Cases Cited: Antaios Compannia Naviera SA v Salen Rederierna AB [1985] AC 191
Toll (FGCT) Pty Ltd v Alphapharm Pty Ltd [2004] HCA 52; (219) CLR 165
Category:Principal judgment
Parties: Oval Solutions Pty Limited, formerly IAS Consulting Group Pty Ltd (Plaintiff)
Regional Express Holdings Limited (Defendant)
Representation: Mr N Bender (Plaintiff)
Mr J Simpkins SC with Mr J Hynes (Defendant)
Piper Alderman (Plaintiff)
Owen Hodge (Defendant)
File Number(s):2008/316816

Judgment

Table of Contents

A

INTRODUCTION

Nature of case

[1] - [3]

Factual background

[4] - [10]

Separation of issues

[11] - [13]

Evidence overview

[14] - [17]

Terms of retainer deed requiring interpretation

[18] - [27]

Principles of interpretation

[28] - [31]

Disputed factual issues

[32]

B

CONSIDERATION OF THE ISSUES

Issue 1 - Exclusion of unlevied airport taxes

[35] - [46]

Issue 2 - Subtraction of GST from cost savings

[47] - [53]

Issue 3 - Cost savings achieved in August 2004

[54] - [60]

Issue 4 - Calculations for Albury airport

[61] - [69]

Issue 5 - Cost savings for Ballina airport

[70] - [78]

Issue 6 - Passenger head taxes at Devonport airport

[79] - [85]

Issue 7 - Advertising incentive for Mildura airport

[86] - [91]

Issue 8 - Extension of Griffith airport agreement

[92] - [95]

Issue 9 - Cost savings at Lismore airport

[96] - [98]

Issue 10 - Arrangements for Orange airport

[99] - [103]

Issue 11 - Contractual defence to cross claim

[104] - [108]

Summary of findings on Issues 1 - 11

[109] - [110]

C

DISPOSITION & ORDERS

Disposition

[111]

Orders

[112]

A. INTRODUCTION

Nature of case

  1. The matter at issue in these proceedings is a dispute between the plaintiff/cross defendant, Oval Solutions Pty Ltd ["Oval"] and the defendant/cross claimant, Regional Express Holdings Ltd ["REX"] concerning the amount payable to Oval for the services it provided to REX.

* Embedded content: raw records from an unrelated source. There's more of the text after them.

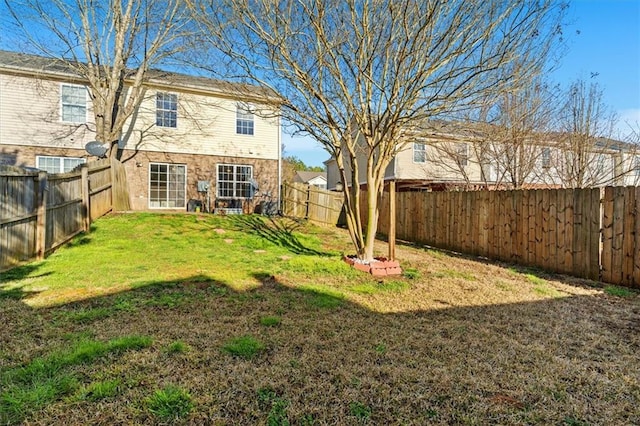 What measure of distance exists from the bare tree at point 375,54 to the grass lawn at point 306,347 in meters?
2.12

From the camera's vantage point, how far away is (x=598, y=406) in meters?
2.25

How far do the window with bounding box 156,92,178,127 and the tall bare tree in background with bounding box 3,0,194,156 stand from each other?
1294mm

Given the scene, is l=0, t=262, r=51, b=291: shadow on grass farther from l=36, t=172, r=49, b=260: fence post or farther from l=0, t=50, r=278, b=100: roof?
l=0, t=50, r=278, b=100: roof

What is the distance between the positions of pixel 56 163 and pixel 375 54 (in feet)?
41.9

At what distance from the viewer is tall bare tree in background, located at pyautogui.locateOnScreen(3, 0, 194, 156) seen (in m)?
11.4

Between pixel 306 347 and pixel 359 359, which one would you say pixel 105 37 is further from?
pixel 359 359

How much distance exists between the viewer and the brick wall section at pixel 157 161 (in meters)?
12.3

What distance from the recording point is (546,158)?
33.8ft

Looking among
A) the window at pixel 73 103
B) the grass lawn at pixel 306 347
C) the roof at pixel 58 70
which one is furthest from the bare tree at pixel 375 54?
the window at pixel 73 103

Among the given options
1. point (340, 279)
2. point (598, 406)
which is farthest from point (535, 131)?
point (598, 406)

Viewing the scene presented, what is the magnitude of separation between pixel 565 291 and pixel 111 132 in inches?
531

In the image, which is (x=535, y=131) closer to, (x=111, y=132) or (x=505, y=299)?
(x=505, y=299)

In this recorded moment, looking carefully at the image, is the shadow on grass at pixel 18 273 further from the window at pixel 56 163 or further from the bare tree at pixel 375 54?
the window at pixel 56 163

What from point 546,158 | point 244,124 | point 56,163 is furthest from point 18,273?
point 546,158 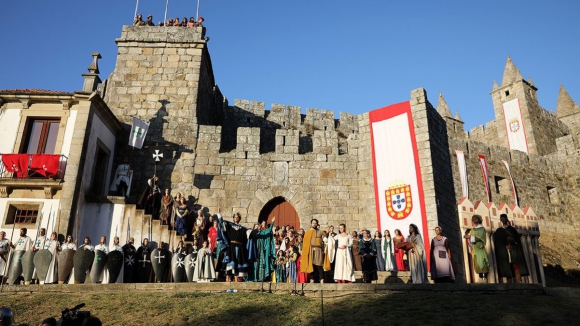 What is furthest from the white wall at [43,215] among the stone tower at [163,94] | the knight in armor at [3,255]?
the stone tower at [163,94]

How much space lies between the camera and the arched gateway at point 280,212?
14.9 meters

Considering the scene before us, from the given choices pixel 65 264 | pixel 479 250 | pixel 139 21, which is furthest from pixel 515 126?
pixel 65 264

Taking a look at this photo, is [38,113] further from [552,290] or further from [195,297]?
[552,290]

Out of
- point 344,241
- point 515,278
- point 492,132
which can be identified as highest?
point 492,132

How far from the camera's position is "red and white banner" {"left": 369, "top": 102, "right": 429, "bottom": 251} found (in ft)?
46.5

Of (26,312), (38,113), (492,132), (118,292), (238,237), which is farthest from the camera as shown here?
(492,132)

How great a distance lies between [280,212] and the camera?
15.0 metres

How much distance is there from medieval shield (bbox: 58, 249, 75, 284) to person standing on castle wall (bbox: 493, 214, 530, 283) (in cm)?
879

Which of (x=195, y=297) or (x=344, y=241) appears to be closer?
(x=195, y=297)

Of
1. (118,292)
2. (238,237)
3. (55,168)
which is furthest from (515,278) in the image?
(55,168)

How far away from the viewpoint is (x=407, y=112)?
608 inches

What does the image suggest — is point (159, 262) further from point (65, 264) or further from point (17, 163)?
point (17, 163)

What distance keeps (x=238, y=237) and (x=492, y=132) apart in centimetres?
3491

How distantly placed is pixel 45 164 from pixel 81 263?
3.93 m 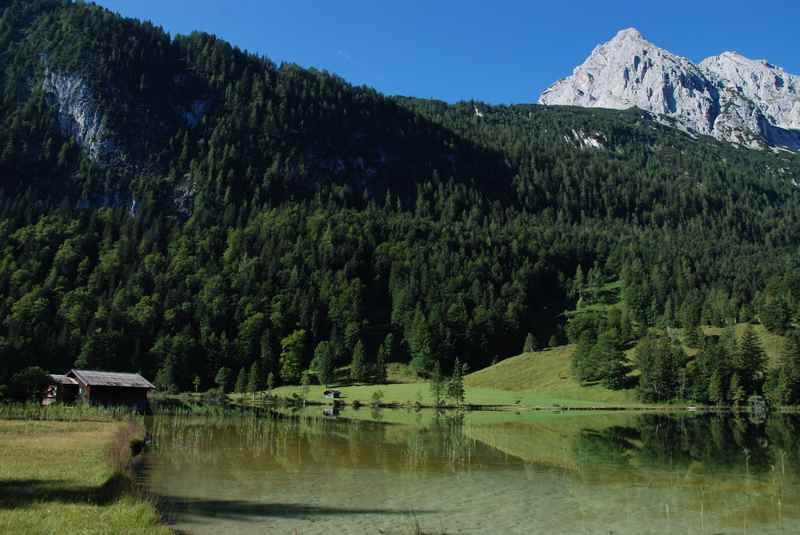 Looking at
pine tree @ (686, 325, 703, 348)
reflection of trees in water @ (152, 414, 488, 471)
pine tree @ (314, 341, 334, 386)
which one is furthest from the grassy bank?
reflection of trees in water @ (152, 414, 488, 471)

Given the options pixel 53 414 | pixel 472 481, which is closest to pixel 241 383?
pixel 53 414

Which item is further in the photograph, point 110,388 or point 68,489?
point 110,388

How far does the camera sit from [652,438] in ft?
202

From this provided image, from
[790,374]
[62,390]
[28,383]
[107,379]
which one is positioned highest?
[790,374]

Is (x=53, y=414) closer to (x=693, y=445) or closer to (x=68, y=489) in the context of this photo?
(x=68, y=489)

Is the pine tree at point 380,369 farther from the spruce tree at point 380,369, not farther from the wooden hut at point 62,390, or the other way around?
the wooden hut at point 62,390

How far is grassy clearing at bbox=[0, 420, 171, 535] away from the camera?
60.8 ft

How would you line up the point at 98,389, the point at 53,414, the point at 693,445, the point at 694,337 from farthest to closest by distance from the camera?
the point at 694,337
the point at 98,389
the point at 53,414
the point at 693,445

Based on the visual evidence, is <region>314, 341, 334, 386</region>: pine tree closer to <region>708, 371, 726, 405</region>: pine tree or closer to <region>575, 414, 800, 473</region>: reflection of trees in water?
<region>708, 371, 726, 405</region>: pine tree

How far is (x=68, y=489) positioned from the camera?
2409 cm

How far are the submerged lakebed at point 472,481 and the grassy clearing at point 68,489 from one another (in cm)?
250

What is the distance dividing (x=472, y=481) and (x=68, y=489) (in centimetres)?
2050

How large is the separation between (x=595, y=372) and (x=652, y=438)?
A: 69029 mm

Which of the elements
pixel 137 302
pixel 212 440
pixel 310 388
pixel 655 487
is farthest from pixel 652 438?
pixel 137 302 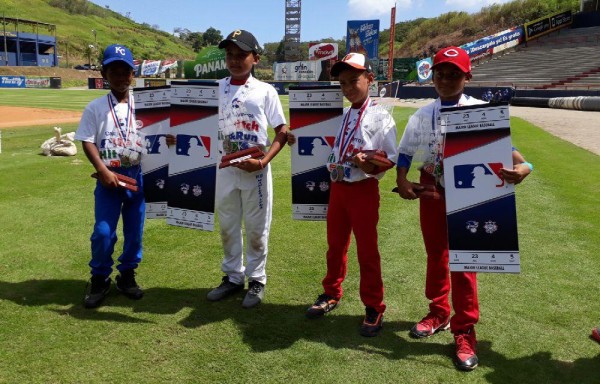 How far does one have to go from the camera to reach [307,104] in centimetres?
384

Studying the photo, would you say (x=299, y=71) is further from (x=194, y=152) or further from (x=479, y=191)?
(x=479, y=191)

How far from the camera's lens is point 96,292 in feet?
13.2

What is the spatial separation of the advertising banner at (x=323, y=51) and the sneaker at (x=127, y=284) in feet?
189

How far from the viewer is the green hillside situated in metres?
102

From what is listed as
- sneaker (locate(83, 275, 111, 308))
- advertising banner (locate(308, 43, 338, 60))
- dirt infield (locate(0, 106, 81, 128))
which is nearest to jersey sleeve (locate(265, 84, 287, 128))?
sneaker (locate(83, 275, 111, 308))

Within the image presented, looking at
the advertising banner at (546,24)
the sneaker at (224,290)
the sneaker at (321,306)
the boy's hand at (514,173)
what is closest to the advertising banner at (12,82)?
the advertising banner at (546,24)

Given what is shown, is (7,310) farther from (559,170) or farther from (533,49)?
(533,49)

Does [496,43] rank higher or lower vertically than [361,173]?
higher

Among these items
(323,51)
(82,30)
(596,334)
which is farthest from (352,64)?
(82,30)

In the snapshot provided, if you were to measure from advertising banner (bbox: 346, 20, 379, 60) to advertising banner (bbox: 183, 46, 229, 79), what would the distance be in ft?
44.6

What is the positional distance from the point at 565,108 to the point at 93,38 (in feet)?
359

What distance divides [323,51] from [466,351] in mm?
59995

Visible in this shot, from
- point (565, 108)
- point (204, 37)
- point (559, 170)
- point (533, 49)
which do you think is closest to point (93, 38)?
point (204, 37)

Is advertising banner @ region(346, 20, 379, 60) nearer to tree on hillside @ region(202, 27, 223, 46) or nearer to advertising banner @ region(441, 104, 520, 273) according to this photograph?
advertising banner @ region(441, 104, 520, 273) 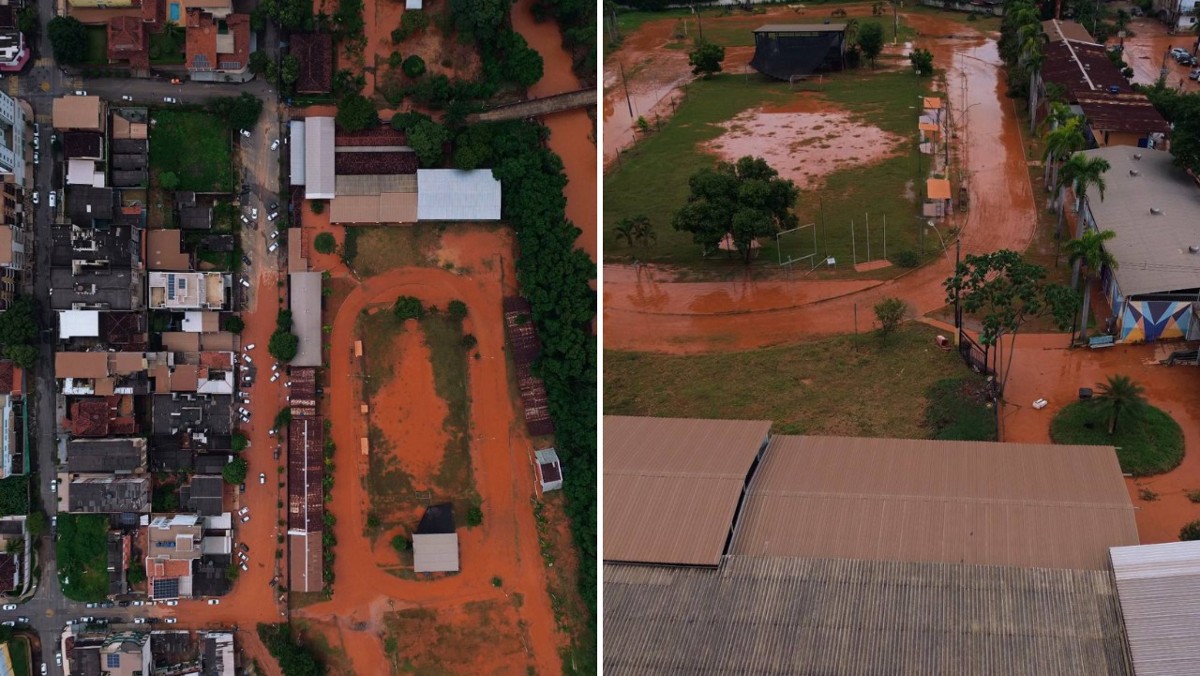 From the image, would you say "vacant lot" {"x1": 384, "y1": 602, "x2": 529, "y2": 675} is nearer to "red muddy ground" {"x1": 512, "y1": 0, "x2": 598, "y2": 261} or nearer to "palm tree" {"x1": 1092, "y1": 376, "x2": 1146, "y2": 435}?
"red muddy ground" {"x1": 512, "y1": 0, "x2": 598, "y2": 261}

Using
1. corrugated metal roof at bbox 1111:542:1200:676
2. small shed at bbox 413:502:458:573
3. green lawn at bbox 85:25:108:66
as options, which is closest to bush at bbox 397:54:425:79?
green lawn at bbox 85:25:108:66

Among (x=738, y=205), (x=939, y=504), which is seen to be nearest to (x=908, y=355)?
(x=738, y=205)

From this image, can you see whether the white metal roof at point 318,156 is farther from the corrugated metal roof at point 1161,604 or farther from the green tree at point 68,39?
the corrugated metal roof at point 1161,604

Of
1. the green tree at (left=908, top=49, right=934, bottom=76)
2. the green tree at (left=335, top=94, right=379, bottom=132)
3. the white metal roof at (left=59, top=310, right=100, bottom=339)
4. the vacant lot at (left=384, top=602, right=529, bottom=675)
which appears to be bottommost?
the vacant lot at (left=384, top=602, right=529, bottom=675)

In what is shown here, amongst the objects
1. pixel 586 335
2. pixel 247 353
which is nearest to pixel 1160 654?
pixel 586 335

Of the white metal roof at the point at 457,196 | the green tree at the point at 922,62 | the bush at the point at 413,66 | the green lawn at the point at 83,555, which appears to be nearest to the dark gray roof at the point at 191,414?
the green lawn at the point at 83,555

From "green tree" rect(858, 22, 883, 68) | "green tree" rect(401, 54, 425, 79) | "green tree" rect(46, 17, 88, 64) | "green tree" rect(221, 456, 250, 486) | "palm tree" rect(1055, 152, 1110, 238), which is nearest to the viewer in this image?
"green tree" rect(46, 17, 88, 64)
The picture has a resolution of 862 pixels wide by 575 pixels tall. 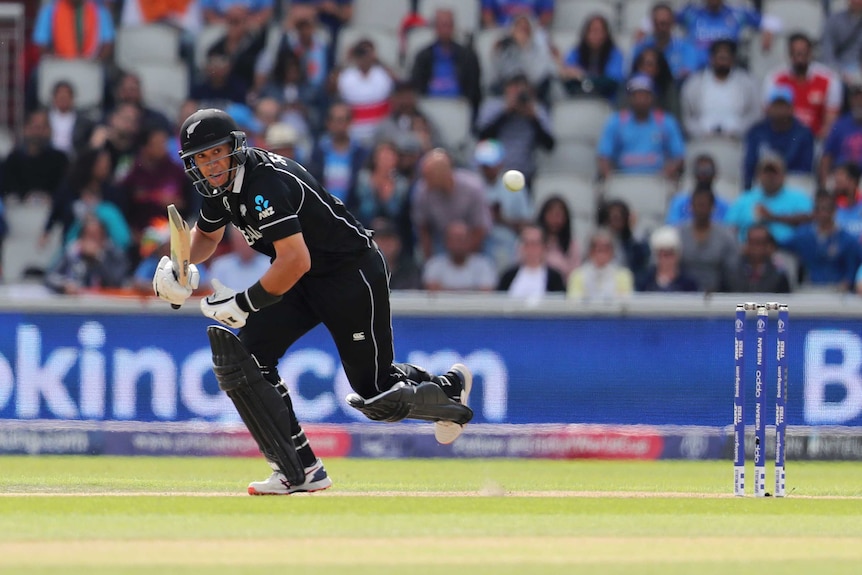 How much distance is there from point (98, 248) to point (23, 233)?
6.38 ft

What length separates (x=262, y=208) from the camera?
7.45 meters

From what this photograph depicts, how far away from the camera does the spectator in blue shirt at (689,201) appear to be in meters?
14.0

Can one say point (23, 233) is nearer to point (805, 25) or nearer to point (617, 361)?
point (617, 361)

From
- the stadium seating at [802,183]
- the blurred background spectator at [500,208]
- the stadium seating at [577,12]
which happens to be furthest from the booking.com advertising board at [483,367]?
the stadium seating at [577,12]

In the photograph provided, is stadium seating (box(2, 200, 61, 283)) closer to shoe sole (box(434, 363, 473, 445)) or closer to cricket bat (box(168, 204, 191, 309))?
shoe sole (box(434, 363, 473, 445))

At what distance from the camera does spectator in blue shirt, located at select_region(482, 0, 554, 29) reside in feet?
53.9

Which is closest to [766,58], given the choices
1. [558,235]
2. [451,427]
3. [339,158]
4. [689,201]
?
A: [689,201]

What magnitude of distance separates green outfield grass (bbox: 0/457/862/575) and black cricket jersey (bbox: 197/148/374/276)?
1.23 metres

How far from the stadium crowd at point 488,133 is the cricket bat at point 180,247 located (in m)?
5.21

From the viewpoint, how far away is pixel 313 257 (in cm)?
789

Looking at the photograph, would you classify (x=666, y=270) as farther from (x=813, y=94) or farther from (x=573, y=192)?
(x=813, y=94)

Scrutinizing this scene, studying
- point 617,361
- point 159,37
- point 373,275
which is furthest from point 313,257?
point 159,37

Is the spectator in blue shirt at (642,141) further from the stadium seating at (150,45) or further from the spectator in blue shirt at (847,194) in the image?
the stadium seating at (150,45)

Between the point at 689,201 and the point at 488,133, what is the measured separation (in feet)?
6.73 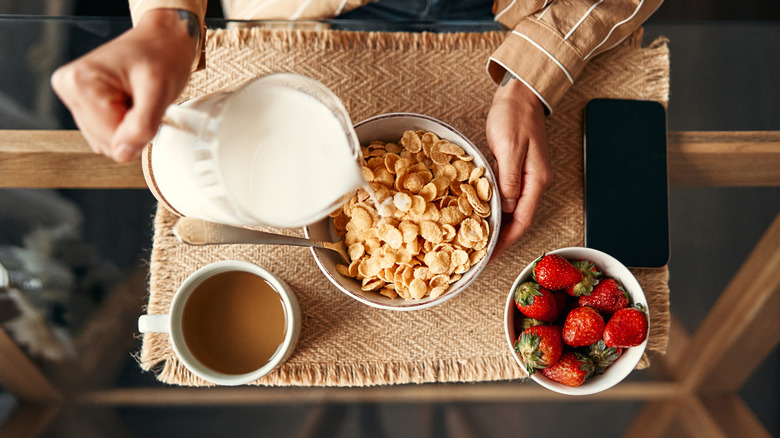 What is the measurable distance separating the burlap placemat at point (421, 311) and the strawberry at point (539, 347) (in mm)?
93

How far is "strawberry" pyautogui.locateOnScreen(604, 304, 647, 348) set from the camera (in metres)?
0.62

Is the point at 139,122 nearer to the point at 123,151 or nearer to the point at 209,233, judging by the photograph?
the point at 123,151

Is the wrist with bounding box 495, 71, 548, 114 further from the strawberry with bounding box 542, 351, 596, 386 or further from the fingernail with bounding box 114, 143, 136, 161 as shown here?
the fingernail with bounding box 114, 143, 136, 161

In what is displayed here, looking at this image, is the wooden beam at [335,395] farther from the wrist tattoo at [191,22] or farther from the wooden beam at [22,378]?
the wrist tattoo at [191,22]

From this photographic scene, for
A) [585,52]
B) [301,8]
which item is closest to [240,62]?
[301,8]

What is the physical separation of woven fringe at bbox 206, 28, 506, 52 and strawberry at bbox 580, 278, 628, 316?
41 cm

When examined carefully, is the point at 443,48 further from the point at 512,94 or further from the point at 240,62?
the point at 240,62

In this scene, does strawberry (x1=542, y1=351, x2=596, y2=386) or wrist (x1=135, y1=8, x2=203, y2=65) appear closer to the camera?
wrist (x1=135, y1=8, x2=203, y2=65)

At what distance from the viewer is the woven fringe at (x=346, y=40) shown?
0.74m

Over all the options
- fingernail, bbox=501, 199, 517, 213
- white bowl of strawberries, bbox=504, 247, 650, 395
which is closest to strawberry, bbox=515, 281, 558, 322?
white bowl of strawberries, bbox=504, 247, 650, 395

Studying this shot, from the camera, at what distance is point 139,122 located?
1.34ft

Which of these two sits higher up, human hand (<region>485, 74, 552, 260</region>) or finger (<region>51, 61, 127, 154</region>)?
finger (<region>51, 61, 127, 154</region>)

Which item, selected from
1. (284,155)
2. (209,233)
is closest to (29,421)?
(209,233)

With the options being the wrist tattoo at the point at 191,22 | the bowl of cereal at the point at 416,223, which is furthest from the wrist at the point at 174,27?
the bowl of cereal at the point at 416,223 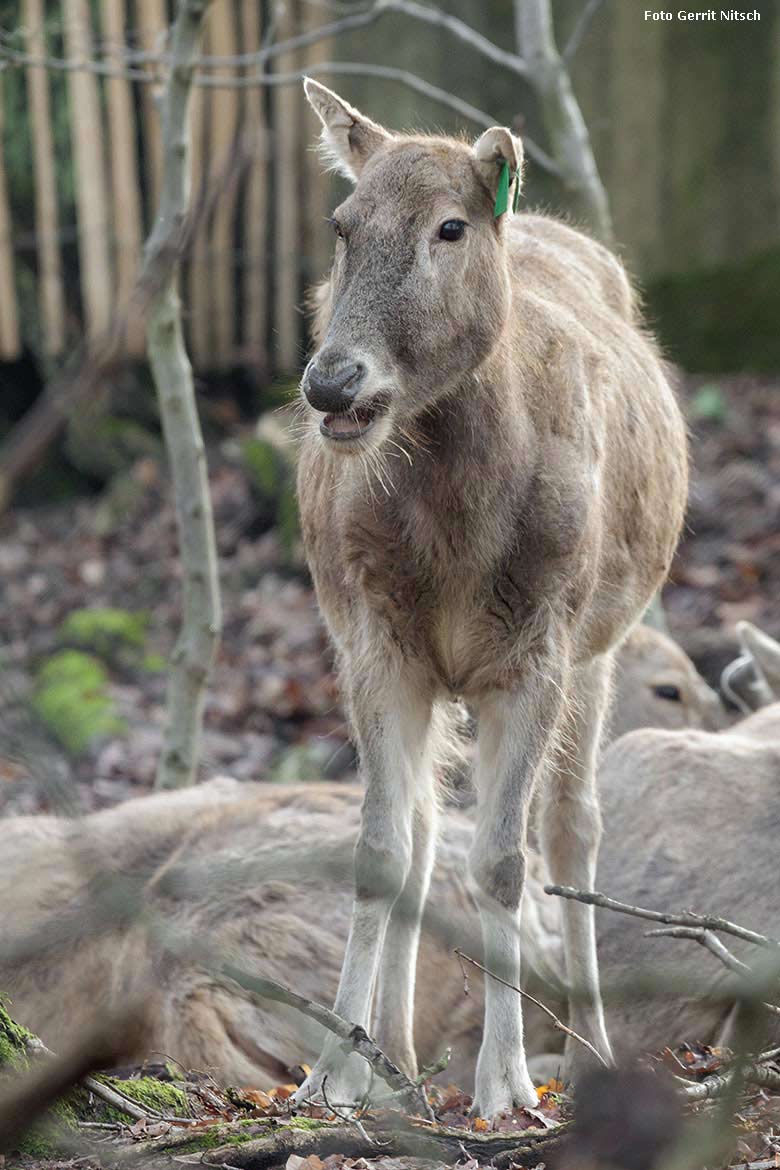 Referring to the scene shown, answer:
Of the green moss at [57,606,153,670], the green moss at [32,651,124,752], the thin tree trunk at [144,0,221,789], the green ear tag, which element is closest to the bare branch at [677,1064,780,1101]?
the green ear tag

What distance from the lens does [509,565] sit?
4707 millimetres

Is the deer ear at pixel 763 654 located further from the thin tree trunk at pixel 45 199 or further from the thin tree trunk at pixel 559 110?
the thin tree trunk at pixel 45 199

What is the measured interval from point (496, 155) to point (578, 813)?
2.38 meters

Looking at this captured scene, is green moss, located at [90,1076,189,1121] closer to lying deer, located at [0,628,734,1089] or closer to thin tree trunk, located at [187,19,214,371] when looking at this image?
lying deer, located at [0,628,734,1089]

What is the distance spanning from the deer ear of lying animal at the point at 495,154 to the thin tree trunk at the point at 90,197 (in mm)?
8743

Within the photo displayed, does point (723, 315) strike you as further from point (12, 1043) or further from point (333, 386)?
point (12, 1043)

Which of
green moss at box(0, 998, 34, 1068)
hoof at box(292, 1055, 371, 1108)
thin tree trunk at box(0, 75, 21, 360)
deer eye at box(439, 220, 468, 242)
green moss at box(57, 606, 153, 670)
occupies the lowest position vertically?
green moss at box(57, 606, 153, 670)

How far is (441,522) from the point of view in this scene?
471 cm

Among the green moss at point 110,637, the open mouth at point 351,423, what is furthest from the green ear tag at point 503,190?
the green moss at point 110,637

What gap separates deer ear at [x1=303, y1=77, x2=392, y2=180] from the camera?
4.93 metres

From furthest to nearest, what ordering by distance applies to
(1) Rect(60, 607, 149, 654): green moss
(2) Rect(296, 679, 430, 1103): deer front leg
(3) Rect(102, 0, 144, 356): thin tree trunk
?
(3) Rect(102, 0, 144, 356): thin tree trunk → (1) Rect(60, 607, 149, 654): green moss → (2) Rect(296, 679, 430, 1103): deer front leg

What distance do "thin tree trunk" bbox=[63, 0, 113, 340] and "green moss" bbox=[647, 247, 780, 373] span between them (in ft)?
15.5

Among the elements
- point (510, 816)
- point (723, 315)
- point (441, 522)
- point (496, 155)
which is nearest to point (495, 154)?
point (496, 155)

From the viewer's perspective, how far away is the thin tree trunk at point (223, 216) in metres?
13.4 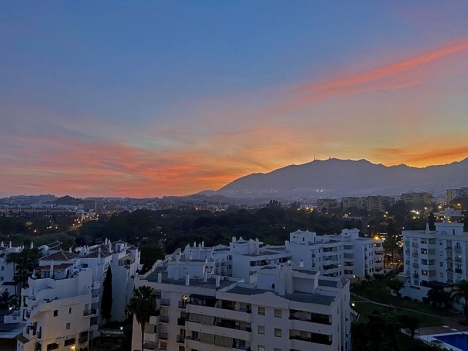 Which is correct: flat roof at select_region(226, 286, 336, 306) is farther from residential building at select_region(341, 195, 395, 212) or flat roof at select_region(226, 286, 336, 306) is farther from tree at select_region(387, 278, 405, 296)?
residential building at select_region(341, 195, 395, 212)

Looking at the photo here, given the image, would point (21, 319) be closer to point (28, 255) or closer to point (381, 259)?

  1. The services in question were provided by Oval pursuant to an agreement which was in the form of a retainer deed executed between the parties on 29 April 2003. The agreement provided for Oval to carry out consultancy work for REX in the domestic aviation industry in Australia in return for remuneration according to formulae set out in the retainer deed. The work required of Oval by REX was aimed at achieving costs savings and increasing the profitability of the business operations conducted by REX. In response to the claim by Oval, REX has issued a cross claim for alleged overpayments it made to Oval during the currency of the agreement.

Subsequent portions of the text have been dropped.